# Excel 2007 opens program but will not open .XLSX file ?



## jwd210 (Jan 19, 2012)

Excel 2007 opens program but wilw not open .XLSX file ?

The program opens, but the file does not. Strange thign is there is data in the formula bar as if it is reading data from the file.

I have three computers, two with 2010 (win 7) and one with 2007 (vista) MS office.

Only one of the PC's with 2010 will open the file, the other two will not. Doesn't matter if its opening from webmail, outlook, or saving the file to the desktop - the two PC's that won't open it are behaving the same.


The only thing I can see before it fails to open the file at the bottom it shows: opening solver.xlam, but nothing shows - just an empty excel program as if you closed the document and not the program..?

How can I fix the two PC's so they can open it? This has happened before with other .XLSX files - it seems intermittent.

I tried doing the regserver command and that did not help. ​


----------



## Corday (Mar 3, 2010)

There have been so many MS Office updates is there a chance the three computers are at different "stages"? Have you tried both opening methods:
1. Directly from Excel
2. From your document storage or wherever you keep your Excel sheets.


----------



## jwd210 (Jan 19, 2012)

Hi & thank you.

The two computers with windows 7 and Office 2010 are at the same stage. The one works, and the other doesn't. The 3rd PC is Vista with Office 2007, and it doesnt work.

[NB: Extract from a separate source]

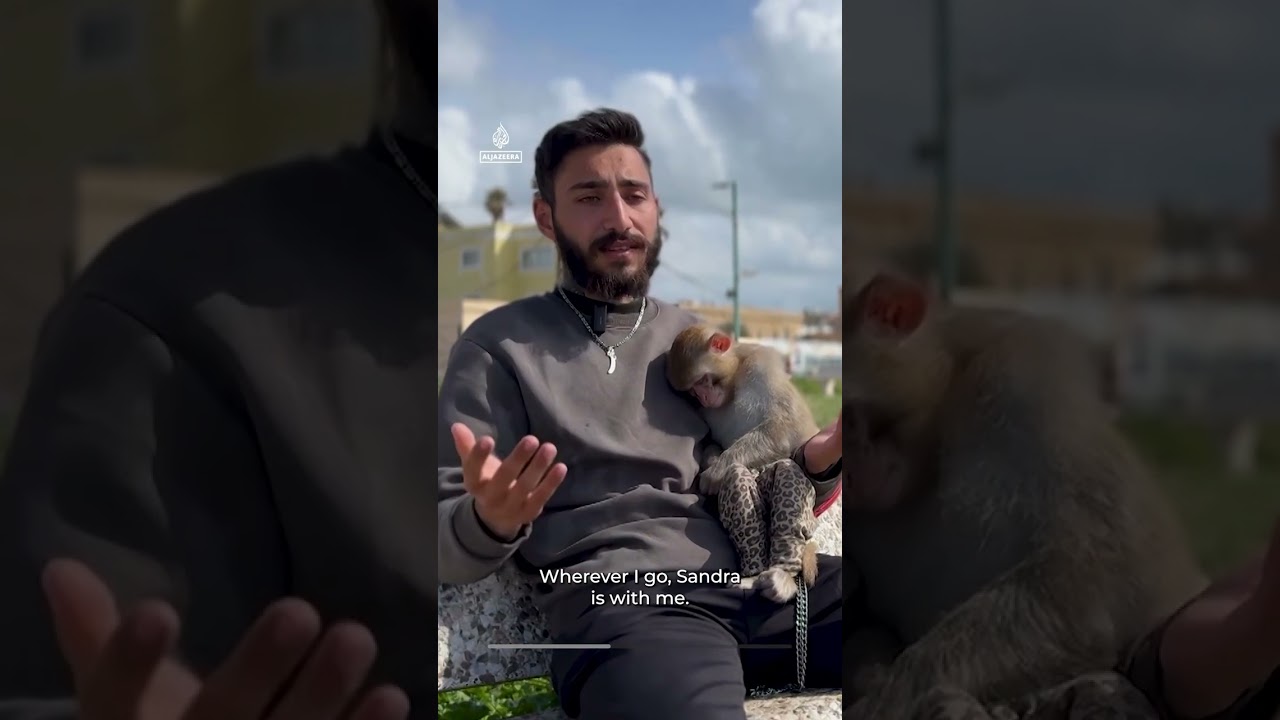مقيم لبناني يبقى في مكانه مع قرده الأليف رغم أوامر الإخلاء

I have tried both document storage (from desktop) and from mail client (webmail, and also from outlook because mail is IMAP) and it does not work from either of the three sources. I've tried adjusting the security settings to enable all macros also.

Both win 7 PC's had Office 2010 starter, but we upgraded in order to have Outlook. How could I reinstall Outlook 2010 (as a test) on the win7 PC that is not working?

If a document needed MS access, would it have this behavoir of not opening?


----------



## Corday (Mar 3, 2010)

Before trying reinstall, let's fix all the Office Suite since the components interact. In Outlook>Help>Detect and Repair. Before hitting "Start", make sure you've checked (or not) the correct options.


----------